I've added in some retrying ability (using Polly for .NET) and we're back on track.

I'm not really sure how to reproduce it, but I've provided some info here to maybe help. It's happened after 30/40k have been pushed up. Other times, hundreds of thousands pushed up. With Polly, it retries and it works again/continues ... until the next random failure .. which Polly retries OK and we rinse/repeat.

image

Environment details

PS C:\Users\justi> dotnet --info
.NET SDK:
 Version:   7.0.304
 Commit:    7e794e2806

Runtime Environment:
 OS Name:     Windows
 OS Version:  10.0.22621
 OS Platform: Windows
 RID:         win10-x64
 Base Path:   C:\Program Files\dotnet\sdk\7.0.304\

Host:
  Version:      7.0.7
  Architecture: x64
  Commit:       5b20af47d9
  • Package name and version: Google.Cloud.BigQuery.V2 v3.2.0

Here's some sample code I've got which is doing this:

// Configure the retry policy with Polly
var retryPolicy = Policy.Handle<Exception>()
    .WaitAndRetryAsync(3, retryAttempt => TimeSpan.FromSeconds(Math.Pow(2, retryAttempt)), (exception, timeSpan, retryCount, context) =>
    {
        // Log the exception to the console
        Console.WriteLine($"Retry #{retryCount} after {timeSpan.TotalSeconds} seconds due to: {exception}");
    });

try
{
    // Execute the retry policy for the HTTP request
    var pollyResult = await retryPolicy.ExecuteAsync(async () =>
    {
        var result = await client.InsertRowsAsync(destinationTable, rows, null, cancellationToken);

        return result;
    });


    _logger.LogDebug("Finished sending all rows to Google BigQuery. Status: {bigQueryInsertStatus}", pollyResult.Status);

    pollyResult.ThrowOnAnyError();

}
catch (Exception exception)
{
    // Log the final exception to the console
    Console.WriteLine($"Error occurred after retries: {exception}");

    throw;
}
@PureKrome PureKrome changed the title Inserting lots of data to Google BigQuery randomly throws a Inserting lots of data to Google BigQuery randomly throws an SSL Exception Jul 7, 2023
@amanda-tarafa amanda-tarafa added type: question Request for information or clarification. Not an issue. api: bigquery Issues related to the BigQuery API. priority: p2 Moderately-important priority. Fix may not be included in next release. labels Jul 7, 2023
@jskeet jskeet self-assigned this Jul 7, 2023
@jskeet
Copy link
Collaborator

jskeet commented Jul 7, 2023

Hi @PureKrome,

We've discussed this in the team, and we'd like to at least try to reproduce the problem for the sake of completeness, but we suspect we won't want to actually make any changes to how retries are performed... while it may be safe to automatically retry in your particular case, at the point where the network transport has problems we're in unusual territory, and in many cases retrying would be the wrong approach.

Could you let us know:

  • What your insert code looks like (just which methods you're using, and ideally a rough idea of how how large each row is, in terms of fields and total data)
  • What your network is like - are you going through a proxy which might be causing problems, for example? (That seems to be the most likely cause of problems, to be honest.)
  • How often you see the errors in terms of elapsed time (due to some internal details, I wouldn't be entirely surprised to see issues once every hour, for example)

@jskeet
Copy link
Collaborator

jskeet commented Jul 7, 2023

I've tried to reproduce this in https://github.com/jskeet/google-cloud-dotnet/tree/issue-10625 - I've not seen the problem yet.

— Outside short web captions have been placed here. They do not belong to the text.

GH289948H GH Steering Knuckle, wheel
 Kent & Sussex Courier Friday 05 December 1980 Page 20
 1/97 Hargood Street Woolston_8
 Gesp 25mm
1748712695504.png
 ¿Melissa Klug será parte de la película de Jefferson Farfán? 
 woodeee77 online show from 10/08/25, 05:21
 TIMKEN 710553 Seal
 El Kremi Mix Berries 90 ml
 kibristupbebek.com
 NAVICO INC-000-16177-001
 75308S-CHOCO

My most recently attempt consisted of:

  • 10 million rows
  • Inserting 1000 rows per request
  • Each row consists of an integer ID, and a text field with 20 random ASCII characters

(The test took about 25 minutes from home.)

If you'd be happy to run the repro code in your environment, the results would be interesting.

@PureKrome
Copy link
Author

Thanks @jskeet for showing interest into this issue - I really really appreciate it.

I'll try and answer as much of the questions as possible:

What your insert code looks like (just which methods you're using, and ideally a rough idea of how how large each row is, in terms of fields and total data)

var result = await client.InsertRowsAsync(destinationTable, rows, null, cancellationToken);

i have 7 tables i'm inserting data into. So I just spent the last 2 hours running my app to see when/where it fails and if a specific table is always the cause. Two different tables had the same error at random times. The first one was at rows 83k -> 84k. The 2nd one was at rows 2.433m -> 2.434m. I've also seen it happen at various/random places.

What your network is like - are you going through a proxy which might be causing problems, for example? (That seems to be the most likely cause of problems, to be honest.)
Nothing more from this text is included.